I've run into an odd crypto problem that I'm probably making more of than needs to be, on which I will blame my current low fever. I just really dislike rolling my own solution on anything crypto related without at least some review.
I'm in the process of implementing a SSO solution for integrating a third party service, wherein I authenticate users against our own authentication platform, which returns to me a limited number of consistently available variables when the user properly authenticates against it.
One of these that is guaranteed to always represent a given user is their login ID
on our network. None of the others which are allowable in this context are guaranteed to remain the same for a given user.
I can't store the login ID
in plaintext on the third party service as a shared token. (before you question why, there is a very simple reason: legal doesn't like it... while this identifier was created specifically to not be FERPA sensitive, it's essentially only once removed)

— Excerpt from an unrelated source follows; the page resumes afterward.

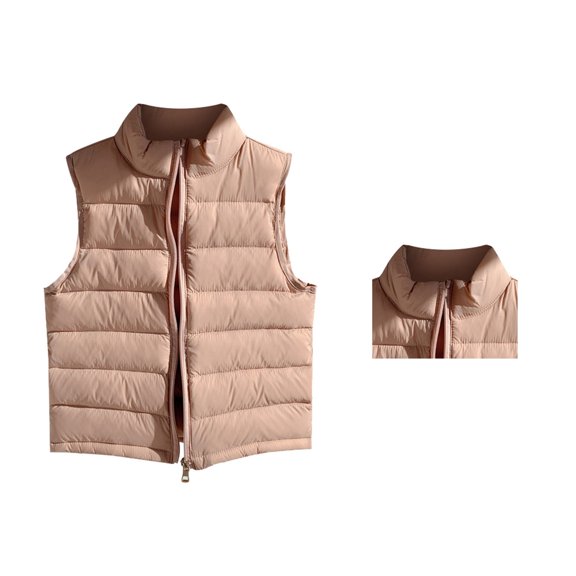 Teen Puffer Vest Lightweight Sleeveless Girls' Outerwear Jackets & Coats Winter Clothes Little Girl 11-12 Years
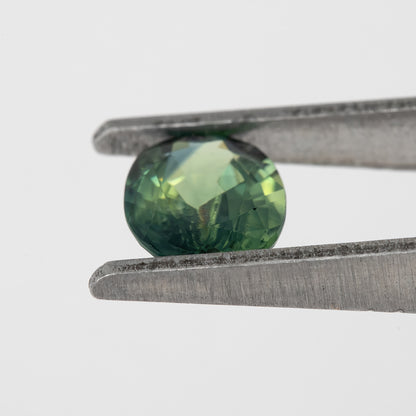 Bicolor – Deep Teal Green Sapphire 0.96 Ct | Oval Cut Untreated Eye Clean Gemstone | Natural Loose Ceylon Sapphire for Fine Jewelry Design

I can hash it. Since there is presumably a good reason for not storing it elsewhere in plaintext, I would like to hash it at least reasonably well. Normally, if there were some other, non sensitive identifier for a given user, I could bcrypt the sensitive information (like, if it were a password) and store that salt+hash and a PK non-sensitive identifier in a table, then look it back up based on the non-sensitive identifier when doing a comparison.

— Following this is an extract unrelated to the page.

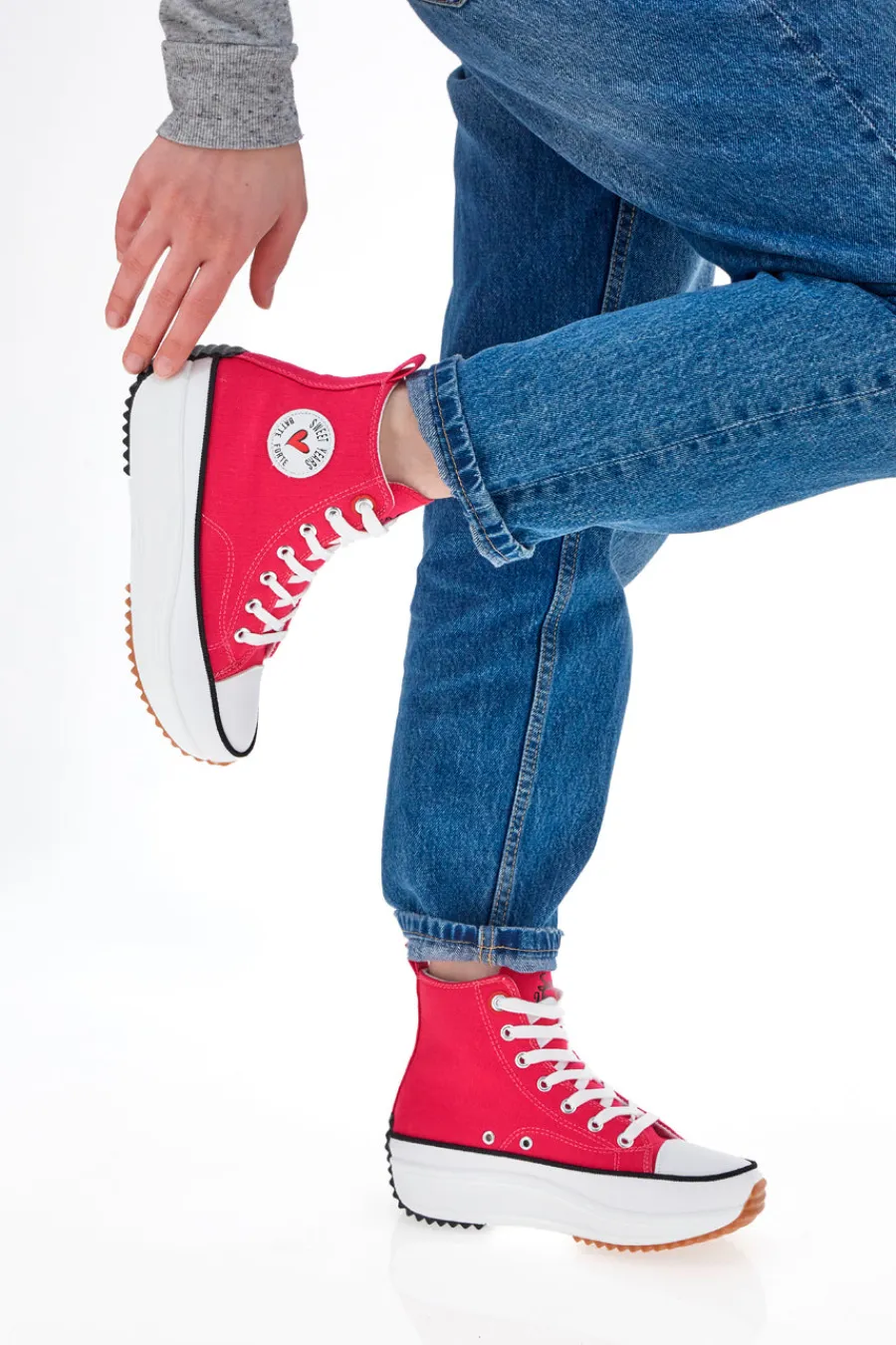 Sneakers Mid Cut 8291 Fucsia-SWEET YEARS New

Without a non sensitive identifier to perform retrievals with, it would seem I would be stuck just doing a basic hash operation without a unique salt (I can still pepper them). Anything I store in my own DB would be just as vulnerable as what is being passed as a token, so there's no point in creating a map table of raw login ID
s to salted and hashed login ID
s. Blindly testing a given hash against every salt+hash I have stored would be ridiculous.
I could just go ahead and SHA2 with a pepper the login ID
s and call it a day (these are, after all, "just" login IDs and not passwords--and that solution has been deemed at least adequate), but I'm wondering if there isn't a better solution for this case?